Thread (14 messages) 14 messages, 6 authors, 2015-01-15

Re: [PATCH 1/3] input: tsc2007: Add pre-calibration, flipping and rotation

From: Dr. H. Nikolaus Schaller <hidden>
Date: 2015-01-15 16:15:31
Also in: linux-arm-kernel, linux-devicetree, linux-omap, lkml

Am 15.01.2015 um 15:38 schrieb Sebastian Reichel [off-list ref]:
Hi,

On Thu, Jan 15, 2015 at 08:36:44AM +0100, Dr. H. Nikolaus Schaller wrote:
quoted
quoted
1. Perform conversion in input core rather than individual drivers. I
think we should allocate a new bitmaps for some transformations and have
the code do X/Y flip/clip of the coordinates.
Do you have a suggestion where this should be (I have no clue how
the input system works or is structured - we just know how to extend a
driver that uses it)?
quoted
2. Standardize on bindings. We already have of-touchscreen.c doing
rudimentary parsing, we shoudl look into extending it rather than
creating myriad of driver-specific bindings.
Ok, looks reasonable.
Documentation is in 

Documentation/devicetree/bindings/input/touchscreen/touchscreen.txt
I did look into it now. Unfortunately, it does not fit well into my view of how bindings
should be. They should describe hardware (as we are told for many other kernel
subsystems).

Pixels and resolutions are IMHO related to the screen it is glued on - and that is
quite independent.

So I don’t see how they do describe the different ways the touch screen can be
wired to a tsc2007 controller.

Please can you add minimum and maximum properties for us?

Then, inverted-x and inverted-y is redundant because it is the same as having
an expected higher value from the ADC for the minimum coordinate and a lower
for the maximum.
quoted
quoted
Also, do we need swap and flip or do we simply need rotation (like the
proposed Broadcom iproc driver has)?
Well, since the DT should describe hardware, there are 3 sets of wires which
can have a cross-over: X+ and X-, Y+ and Y-, X and Y.

So IMHO hardware has no “rotation”, just crossover of wires. Rotation is an
interpretation of the result of these connections in combination with some
panel the touch is glued to and should therefore not be represented in the DT.

As a result we have proposed a scheme without explicit rotation. We specify what
coordinates X- and X+ should report at their ends (min, max) because the DT
programmer has to specify them anyways. Flipping is a result of defining these
coordinates in an ascending or descending way. Only swapping of the X and Y
wires can’t be implicitly defined so it has its own property. So the scheme we
have proposed tries to optimize the efforts needed to adapt new boards and write
DTs and focus the DT on hardware description.

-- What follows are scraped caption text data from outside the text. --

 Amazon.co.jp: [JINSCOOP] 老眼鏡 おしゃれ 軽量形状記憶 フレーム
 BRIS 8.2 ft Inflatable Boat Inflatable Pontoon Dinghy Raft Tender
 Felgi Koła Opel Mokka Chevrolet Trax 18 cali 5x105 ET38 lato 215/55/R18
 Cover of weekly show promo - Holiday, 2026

As a bonus we also specify the min and max value to be reported for the touch
pressure (Z axis) using the same basic principle.

And it is a pure add-on on top of the existing driver so that it attempts not
to break existing device trees.
from what I can see there are no in-tree-users using any of the
new properties.
quoted
Maybe could you accept it as a first step for this specific driver (and let’s do
the big standardization work later on)?
That does not work, since you create an ABI.